▸ REQUIRED ACTION: Pull from the data below each line where the word "Sweet" occurs, and copy it.
_ _ _ _ _ _ _
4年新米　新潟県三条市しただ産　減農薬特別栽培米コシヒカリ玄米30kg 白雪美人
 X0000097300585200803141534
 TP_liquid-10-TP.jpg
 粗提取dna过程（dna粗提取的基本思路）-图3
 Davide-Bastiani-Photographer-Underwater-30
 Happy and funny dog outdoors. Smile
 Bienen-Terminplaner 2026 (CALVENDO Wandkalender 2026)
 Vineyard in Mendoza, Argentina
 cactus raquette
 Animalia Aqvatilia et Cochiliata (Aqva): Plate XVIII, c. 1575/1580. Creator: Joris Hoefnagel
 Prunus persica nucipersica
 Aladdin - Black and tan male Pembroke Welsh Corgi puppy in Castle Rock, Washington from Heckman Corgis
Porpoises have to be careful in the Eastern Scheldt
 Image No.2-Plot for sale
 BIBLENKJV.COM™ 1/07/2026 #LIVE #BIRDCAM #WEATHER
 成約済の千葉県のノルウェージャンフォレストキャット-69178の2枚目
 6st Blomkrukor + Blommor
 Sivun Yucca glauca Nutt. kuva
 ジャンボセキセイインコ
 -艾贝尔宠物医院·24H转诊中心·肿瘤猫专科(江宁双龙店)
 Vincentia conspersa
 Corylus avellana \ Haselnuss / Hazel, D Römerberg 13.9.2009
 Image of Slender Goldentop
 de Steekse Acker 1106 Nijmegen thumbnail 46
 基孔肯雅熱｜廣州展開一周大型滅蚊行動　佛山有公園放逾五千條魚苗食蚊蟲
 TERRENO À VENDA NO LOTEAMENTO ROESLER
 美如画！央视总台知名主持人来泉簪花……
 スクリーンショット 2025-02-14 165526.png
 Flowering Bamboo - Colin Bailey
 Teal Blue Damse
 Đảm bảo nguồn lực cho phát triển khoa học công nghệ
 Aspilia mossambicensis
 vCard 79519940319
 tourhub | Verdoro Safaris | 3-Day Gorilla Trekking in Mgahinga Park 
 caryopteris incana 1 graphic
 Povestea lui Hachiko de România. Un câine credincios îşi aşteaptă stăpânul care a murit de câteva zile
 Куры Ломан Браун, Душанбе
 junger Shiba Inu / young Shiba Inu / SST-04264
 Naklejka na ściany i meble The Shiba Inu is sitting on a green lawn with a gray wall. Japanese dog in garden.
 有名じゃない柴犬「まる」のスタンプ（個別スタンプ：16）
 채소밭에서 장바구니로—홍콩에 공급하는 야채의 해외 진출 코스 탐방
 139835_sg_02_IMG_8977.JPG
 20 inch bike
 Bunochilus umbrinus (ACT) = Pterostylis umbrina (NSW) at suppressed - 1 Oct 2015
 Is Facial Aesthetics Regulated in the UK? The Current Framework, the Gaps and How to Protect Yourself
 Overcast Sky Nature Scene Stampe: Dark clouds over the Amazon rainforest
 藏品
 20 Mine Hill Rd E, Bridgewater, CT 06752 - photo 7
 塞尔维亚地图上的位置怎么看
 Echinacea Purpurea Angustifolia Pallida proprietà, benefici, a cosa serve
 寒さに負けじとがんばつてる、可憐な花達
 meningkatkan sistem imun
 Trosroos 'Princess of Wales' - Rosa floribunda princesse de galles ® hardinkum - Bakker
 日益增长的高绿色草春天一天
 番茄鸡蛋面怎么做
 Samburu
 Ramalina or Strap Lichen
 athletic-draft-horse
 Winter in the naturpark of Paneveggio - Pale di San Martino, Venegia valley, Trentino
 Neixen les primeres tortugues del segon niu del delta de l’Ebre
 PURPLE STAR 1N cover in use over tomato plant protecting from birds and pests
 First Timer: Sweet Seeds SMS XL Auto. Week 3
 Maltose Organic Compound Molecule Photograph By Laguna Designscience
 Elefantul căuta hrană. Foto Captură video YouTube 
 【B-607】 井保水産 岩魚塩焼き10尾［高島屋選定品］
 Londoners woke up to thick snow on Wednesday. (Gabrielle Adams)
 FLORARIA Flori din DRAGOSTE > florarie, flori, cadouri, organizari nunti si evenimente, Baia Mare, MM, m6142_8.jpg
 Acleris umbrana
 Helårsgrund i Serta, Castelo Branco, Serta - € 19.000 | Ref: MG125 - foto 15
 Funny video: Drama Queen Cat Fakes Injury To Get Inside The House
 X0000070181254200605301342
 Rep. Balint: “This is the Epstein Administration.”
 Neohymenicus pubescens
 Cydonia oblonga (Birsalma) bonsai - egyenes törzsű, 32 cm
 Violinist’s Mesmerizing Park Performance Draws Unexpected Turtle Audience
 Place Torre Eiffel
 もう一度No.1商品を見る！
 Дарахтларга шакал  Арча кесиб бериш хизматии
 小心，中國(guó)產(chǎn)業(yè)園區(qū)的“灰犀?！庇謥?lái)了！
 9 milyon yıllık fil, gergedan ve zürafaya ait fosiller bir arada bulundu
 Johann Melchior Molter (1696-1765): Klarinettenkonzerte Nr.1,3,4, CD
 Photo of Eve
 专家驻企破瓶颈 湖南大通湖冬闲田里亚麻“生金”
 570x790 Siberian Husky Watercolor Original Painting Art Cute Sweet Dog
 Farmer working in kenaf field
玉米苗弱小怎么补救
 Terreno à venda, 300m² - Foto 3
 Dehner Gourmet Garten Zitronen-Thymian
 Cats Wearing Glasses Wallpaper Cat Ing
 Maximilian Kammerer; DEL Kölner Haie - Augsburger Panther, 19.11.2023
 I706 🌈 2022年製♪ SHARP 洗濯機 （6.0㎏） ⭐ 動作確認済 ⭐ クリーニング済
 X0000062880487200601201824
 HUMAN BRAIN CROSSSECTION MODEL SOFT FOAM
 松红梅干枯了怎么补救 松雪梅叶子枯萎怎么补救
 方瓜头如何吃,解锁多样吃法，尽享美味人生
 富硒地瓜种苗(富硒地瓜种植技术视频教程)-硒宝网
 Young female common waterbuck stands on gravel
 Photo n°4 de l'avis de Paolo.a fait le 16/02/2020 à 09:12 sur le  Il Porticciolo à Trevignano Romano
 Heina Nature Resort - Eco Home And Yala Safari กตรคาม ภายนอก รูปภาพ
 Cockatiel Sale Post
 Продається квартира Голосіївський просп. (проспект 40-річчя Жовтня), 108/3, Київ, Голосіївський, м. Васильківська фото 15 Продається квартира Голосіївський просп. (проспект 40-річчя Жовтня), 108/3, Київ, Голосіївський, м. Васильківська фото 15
_ _ _ _ _ _ _
▸ EXERCISE ANSWER:
 First Timer: Sweet Seeds SMS XL Auto. Week 3
 570x790 Siberian Husky Watercolor Original Painting Art Cute Sweet Dog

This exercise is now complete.